LISTED ENTRIES:

***

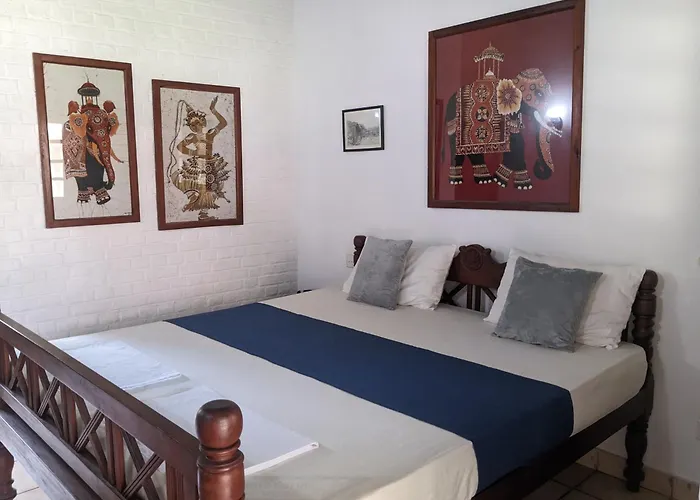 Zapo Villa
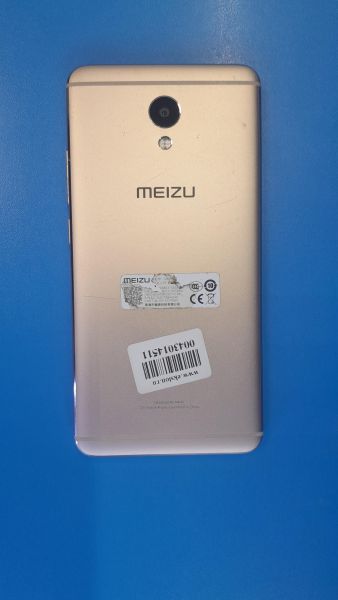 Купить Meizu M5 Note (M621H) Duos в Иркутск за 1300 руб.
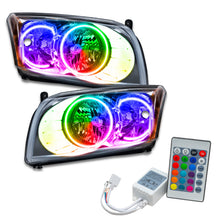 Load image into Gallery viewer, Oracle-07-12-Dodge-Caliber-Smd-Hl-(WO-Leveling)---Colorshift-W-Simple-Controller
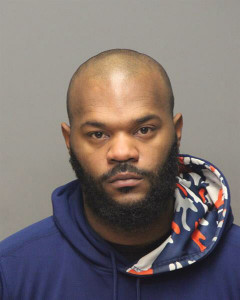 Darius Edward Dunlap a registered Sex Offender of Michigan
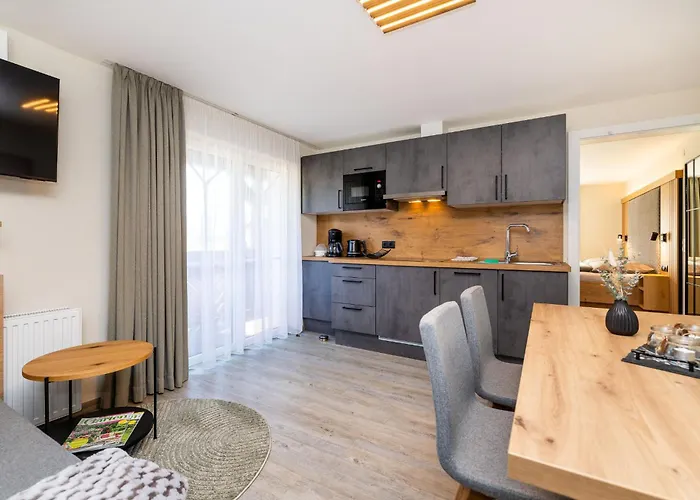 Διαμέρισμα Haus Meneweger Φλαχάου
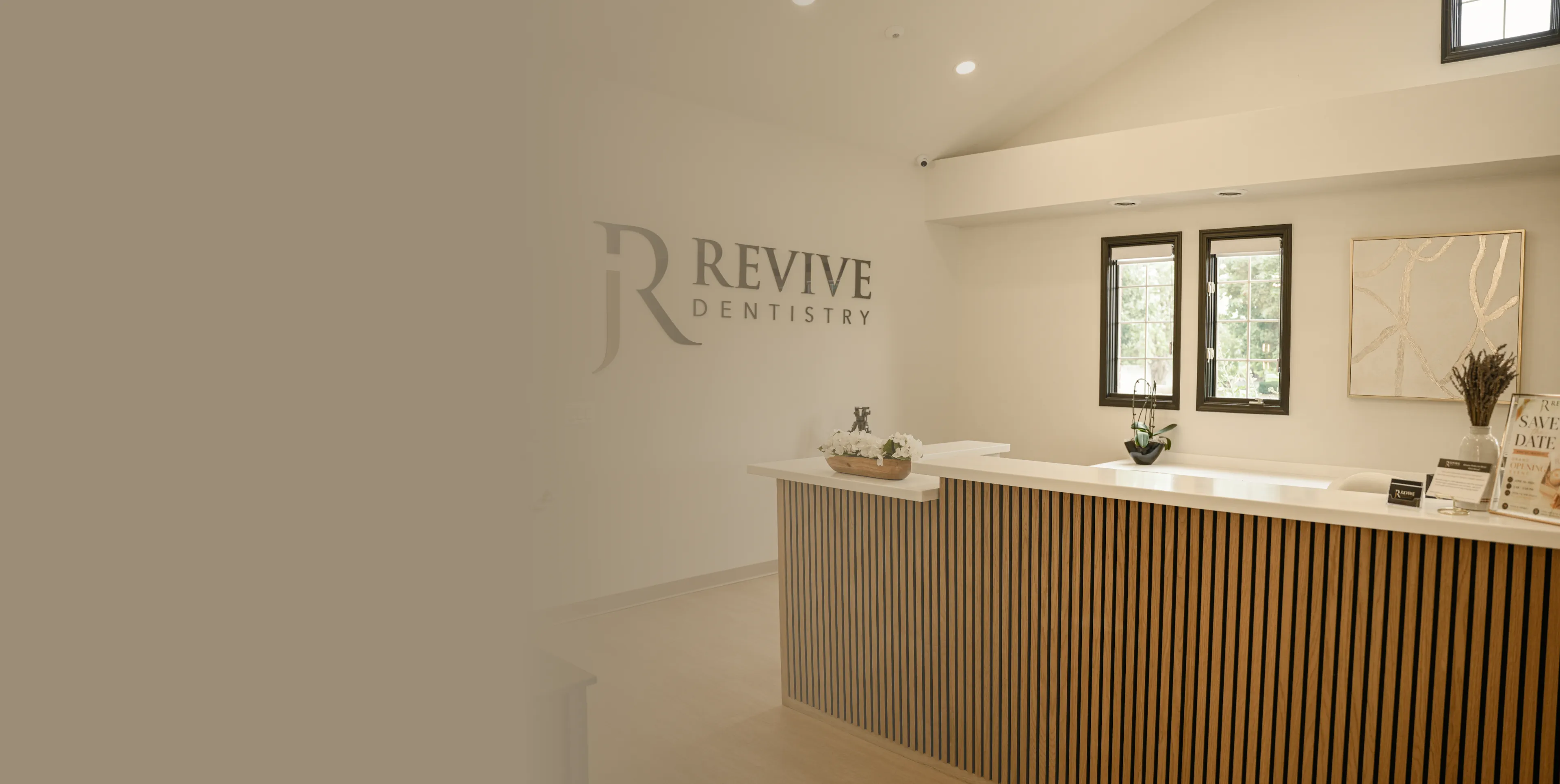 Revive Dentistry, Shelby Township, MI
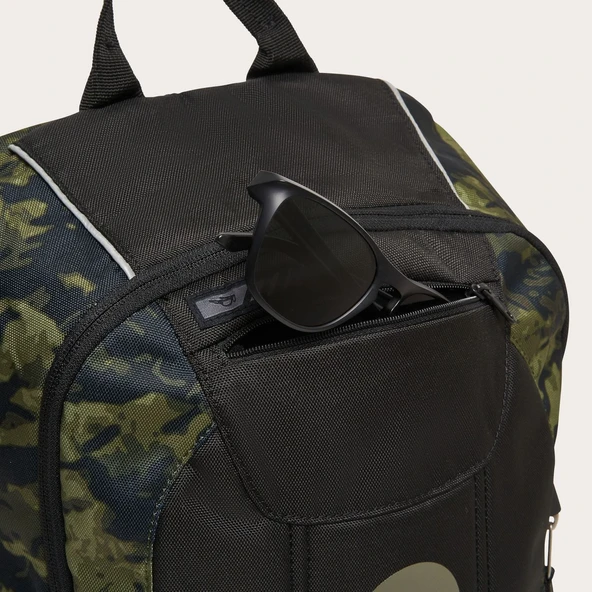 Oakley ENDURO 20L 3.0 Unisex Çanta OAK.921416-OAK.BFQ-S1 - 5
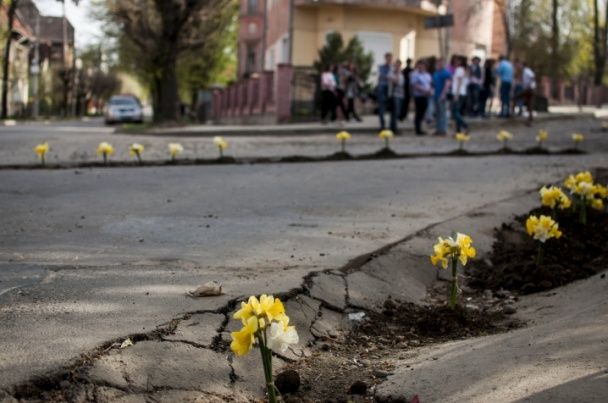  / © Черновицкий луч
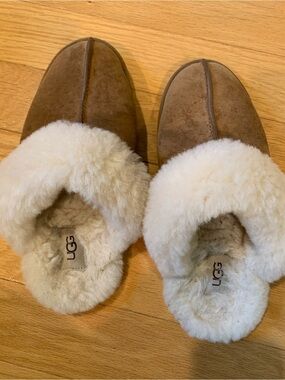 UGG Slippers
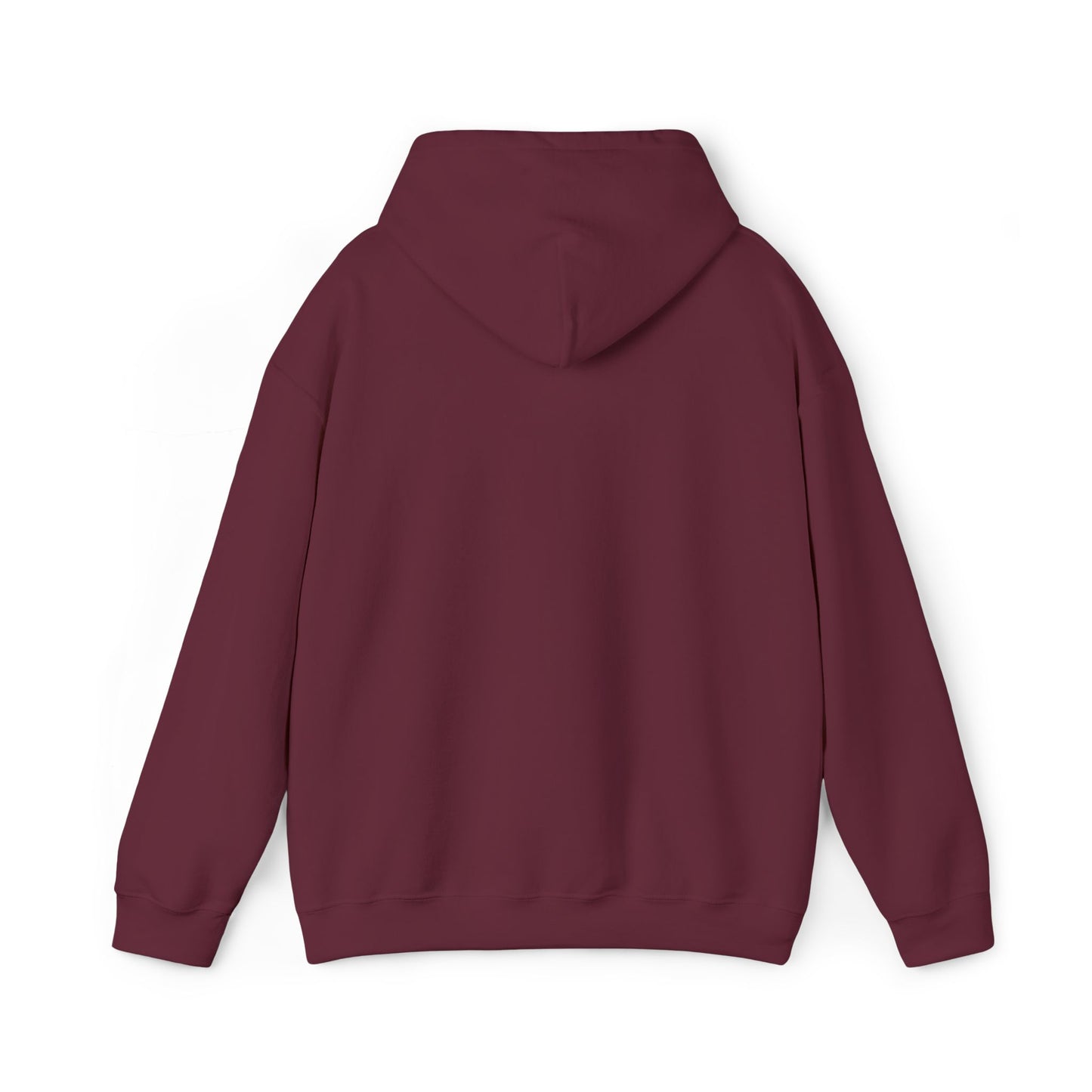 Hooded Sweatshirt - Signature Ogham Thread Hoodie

***

WORK INSTRUCTION:
Transcribe all of the entries word for word, but skip any pictures they contain.

TASK ANSWER:
 Zapo Villa
 Купить Meizu M5 Note (M621H) Duos в Иркутск за 1300 руб.
 Load image into Gallery viewer, Oracle-07-12-Dodge-Caliber-Smd-Hl-(WO-Leveling)---Colorshift-W-Simple-Controller
 Darius Edward Dunlap a registered Sex Offender of Michigan
 Διαμέρισμα Haus Meneweger Φλαχάου
 Revive Dentistry, Shelby Township, MI
 Oakley ENDURO 20L 3.0 Unisex Çanta OAK.921416-OAK.BFQ-S1 - 5
  / © Черновицкий луч
 UGG Slippers
 Hooded Sweatshirt - Signature Ogham Thread Hoodie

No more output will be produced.